## ASSIGNMENT
Of the lines listed below, return exactly those that run from the line containing "Pezzo della torta" through the line containing "Crèmekleurige houten gevelbekleding", both included.

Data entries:
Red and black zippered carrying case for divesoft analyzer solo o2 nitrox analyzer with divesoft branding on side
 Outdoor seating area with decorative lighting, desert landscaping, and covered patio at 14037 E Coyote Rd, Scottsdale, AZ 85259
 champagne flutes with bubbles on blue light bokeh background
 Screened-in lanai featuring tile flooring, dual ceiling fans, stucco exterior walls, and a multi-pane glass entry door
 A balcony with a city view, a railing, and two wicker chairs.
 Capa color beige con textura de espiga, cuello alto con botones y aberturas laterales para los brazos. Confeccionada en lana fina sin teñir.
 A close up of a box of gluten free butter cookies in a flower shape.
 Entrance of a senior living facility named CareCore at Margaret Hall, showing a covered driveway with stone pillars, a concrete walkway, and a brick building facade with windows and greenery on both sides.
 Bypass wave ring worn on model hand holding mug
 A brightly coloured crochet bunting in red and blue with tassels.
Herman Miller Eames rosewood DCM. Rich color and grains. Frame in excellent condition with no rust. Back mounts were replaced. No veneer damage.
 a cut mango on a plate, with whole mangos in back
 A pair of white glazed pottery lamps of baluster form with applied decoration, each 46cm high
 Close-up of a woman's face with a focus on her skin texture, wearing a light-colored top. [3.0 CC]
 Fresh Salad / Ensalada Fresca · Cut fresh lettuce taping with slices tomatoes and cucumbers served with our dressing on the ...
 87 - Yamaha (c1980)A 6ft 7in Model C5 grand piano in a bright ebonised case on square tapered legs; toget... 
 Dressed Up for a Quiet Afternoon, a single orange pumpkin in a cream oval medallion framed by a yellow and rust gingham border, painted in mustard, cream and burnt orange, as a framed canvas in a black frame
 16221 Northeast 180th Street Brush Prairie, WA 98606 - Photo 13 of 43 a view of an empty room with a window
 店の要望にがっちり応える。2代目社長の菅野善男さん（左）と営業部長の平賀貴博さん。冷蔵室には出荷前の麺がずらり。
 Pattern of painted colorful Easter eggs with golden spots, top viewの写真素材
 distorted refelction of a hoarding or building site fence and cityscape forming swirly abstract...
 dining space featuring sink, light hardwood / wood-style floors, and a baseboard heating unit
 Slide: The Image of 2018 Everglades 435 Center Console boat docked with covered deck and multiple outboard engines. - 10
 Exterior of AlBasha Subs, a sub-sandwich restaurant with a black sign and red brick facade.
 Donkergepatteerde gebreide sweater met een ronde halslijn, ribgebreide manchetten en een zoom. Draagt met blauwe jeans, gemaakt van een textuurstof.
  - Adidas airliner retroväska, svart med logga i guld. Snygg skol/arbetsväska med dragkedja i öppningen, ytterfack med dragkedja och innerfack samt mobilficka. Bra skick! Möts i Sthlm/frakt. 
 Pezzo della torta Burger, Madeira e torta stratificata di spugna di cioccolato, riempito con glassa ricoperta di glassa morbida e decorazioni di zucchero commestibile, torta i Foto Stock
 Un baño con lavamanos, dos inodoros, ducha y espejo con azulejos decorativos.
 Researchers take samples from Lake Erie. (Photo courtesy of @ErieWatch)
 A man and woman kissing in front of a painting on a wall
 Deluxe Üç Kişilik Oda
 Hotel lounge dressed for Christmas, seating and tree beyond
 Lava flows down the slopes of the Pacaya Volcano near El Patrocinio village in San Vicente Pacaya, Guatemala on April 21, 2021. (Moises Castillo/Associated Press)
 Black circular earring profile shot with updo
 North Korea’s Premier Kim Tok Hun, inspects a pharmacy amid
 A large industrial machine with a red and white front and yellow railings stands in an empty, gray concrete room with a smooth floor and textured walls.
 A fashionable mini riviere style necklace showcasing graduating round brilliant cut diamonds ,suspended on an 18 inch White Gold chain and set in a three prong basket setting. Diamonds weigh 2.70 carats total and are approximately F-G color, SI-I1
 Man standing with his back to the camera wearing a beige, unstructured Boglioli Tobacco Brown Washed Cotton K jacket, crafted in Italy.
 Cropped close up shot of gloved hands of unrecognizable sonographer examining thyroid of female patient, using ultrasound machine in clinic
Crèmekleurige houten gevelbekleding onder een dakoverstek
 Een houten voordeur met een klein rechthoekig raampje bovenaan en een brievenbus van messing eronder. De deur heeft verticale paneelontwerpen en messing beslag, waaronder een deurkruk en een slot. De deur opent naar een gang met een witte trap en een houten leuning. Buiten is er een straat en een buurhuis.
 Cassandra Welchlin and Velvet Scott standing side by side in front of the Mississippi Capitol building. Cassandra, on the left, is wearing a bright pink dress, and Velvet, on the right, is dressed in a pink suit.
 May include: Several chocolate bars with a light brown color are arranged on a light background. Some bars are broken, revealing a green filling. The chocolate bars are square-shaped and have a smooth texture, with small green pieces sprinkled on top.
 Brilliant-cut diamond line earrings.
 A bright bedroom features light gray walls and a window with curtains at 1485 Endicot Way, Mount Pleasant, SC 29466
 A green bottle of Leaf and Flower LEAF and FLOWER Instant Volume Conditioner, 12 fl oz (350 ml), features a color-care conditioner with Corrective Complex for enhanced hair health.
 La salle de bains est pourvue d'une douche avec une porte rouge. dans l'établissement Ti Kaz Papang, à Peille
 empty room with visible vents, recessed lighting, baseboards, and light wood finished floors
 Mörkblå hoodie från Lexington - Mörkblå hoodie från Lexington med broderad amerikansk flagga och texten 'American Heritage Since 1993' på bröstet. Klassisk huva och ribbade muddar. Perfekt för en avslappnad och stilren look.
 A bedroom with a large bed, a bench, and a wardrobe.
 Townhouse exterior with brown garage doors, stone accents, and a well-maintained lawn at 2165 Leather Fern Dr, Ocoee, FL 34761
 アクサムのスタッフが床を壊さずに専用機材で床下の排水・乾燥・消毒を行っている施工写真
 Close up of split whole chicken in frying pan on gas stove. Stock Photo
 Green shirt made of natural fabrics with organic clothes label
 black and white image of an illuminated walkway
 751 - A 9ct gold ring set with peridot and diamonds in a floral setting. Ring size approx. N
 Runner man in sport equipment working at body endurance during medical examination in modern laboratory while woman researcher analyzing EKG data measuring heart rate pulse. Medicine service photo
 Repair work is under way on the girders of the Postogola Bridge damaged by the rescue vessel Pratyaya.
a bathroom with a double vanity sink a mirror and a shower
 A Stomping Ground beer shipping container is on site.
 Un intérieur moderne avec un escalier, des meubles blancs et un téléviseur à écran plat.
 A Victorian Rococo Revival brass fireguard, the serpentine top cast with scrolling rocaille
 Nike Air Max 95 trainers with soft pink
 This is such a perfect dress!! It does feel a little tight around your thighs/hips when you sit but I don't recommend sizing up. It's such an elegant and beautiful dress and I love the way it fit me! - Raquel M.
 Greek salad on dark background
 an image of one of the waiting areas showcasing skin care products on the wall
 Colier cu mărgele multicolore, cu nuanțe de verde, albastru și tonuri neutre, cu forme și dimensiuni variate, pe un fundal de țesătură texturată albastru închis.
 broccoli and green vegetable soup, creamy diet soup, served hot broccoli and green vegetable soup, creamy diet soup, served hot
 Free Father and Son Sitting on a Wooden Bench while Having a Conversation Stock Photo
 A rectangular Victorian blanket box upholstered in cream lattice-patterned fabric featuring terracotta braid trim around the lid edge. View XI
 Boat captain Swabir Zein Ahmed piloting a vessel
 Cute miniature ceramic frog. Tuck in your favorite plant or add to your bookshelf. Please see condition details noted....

## RESULT FOR THIS EXERCISE
 Pezzo della torta Burger, Madeira e torta stratificata di spugna di cioccolato, riempito con glassa ricoperta di glassa morbida e decorazioni di zucchero commestibile, torta i Foto Stock
 Un baño con lavamanos, dos inodoros, ducha y espejo con azulejos decorativos.
 Researchers take samples from Lake Erie. (Photo courtesy of @ErieWatch)
 A man and woman kissing in front of a painting on a wall
 Deluxe Üç Kişilik Oda
 Hotel lounge dressed for Christmas, seating and tree beyond
 Lava flows down the slopes of the Pacaya Volcano near El Patrocinio village in San Vicente Pacaya, Guatemala on April 21, 2021. (Moises Castillo/Associated Press)
 Black circular earring profile shot with updo
 North Korea’s Premier Kim Tok Hun, inspects a pharmacy amid
 A large industrial machine with a red and white front and yellow railings stands in an empty, gray concrete room with a smooth floor and textured walls.
 A fashionable mini riviere style necklace showcasing graduating round brilliant cut diamonds ,suspended on an 18 inch White Gold chain and set in a three prong basket setting. Diamonds weigh 2.70 carats total and are approximately F-G color, SI-I1
 Man standing with his back to the camera wearing a beige, unstructured Boglioli Tobacco Brown Washed Cotton K jacket, crafted in Italy.
 Cropped close up shot of gloved hands of unrecognizable sonographer examining thyroid of female patient, using ultrasound machine in clinic
Crèmekleurige houten gevelbekleding onder een dakoverstek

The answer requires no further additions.